Dear @clyne I’d just like to catch up on the Project Raijin standing monthly meeting on Thursdays. So April 14th, 10am MT (which time zone is MT - is that Boulder/Mountain Time, now actually MDT?) - TimeZoneMeetingPlanner

I think I could make a short appearance if possible?
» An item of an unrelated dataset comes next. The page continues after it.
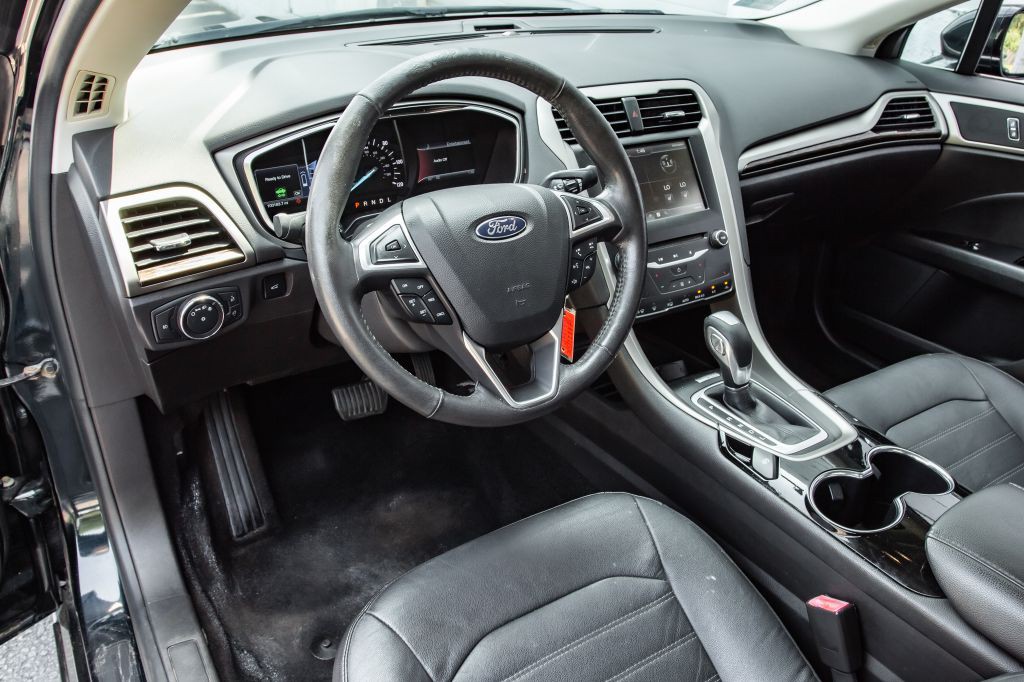 2014 Ford Fusion Image 17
Hi @allixender, that would be great. Yes the timezone is MDT (April 14, 10am MDT). Here is the Google Meets link:

Project Raijin monthly meeting
Thursday, April 14 · 10:00 – 11:00am
Google Meet joining info
Video call link: https://meet.google.com/gbn-vwdo-scb
Or dial: ‪(US) +1 503-908-2441‬ PIN: ‪962 727 640‬#
More phone numbers: https://tel.meet/gbn-vwdo-scb?pin=7536637037644

1 Like

Hi all, FYI I received the sad news that our EU Horizons DGGS proposal was unfortunately not funded. But as promised we would like to continue innovation and research on DGGS and take the interest and positive vibe to develop better tools and make DGGS more easily usable with current spatial data challenges. In that sense, a short shameless self-promotion, and hopefully of interest for you as well:

Alexander Kmoch, Ivan Vasilyev, Holger Virro & Evelyn Uuemaa (2022) Area and shape distortions in open-source discrete global grid systems, Big Earth Data, doi: https://dx.doi.org/10.1080/20964471.2022.2094926

Short summary here :slight_smile: https://twitter.com/allixender/status/1554360770825261056

Best regards,
Alex

5 Likes

Sorry to hear about the missed funding opportunity!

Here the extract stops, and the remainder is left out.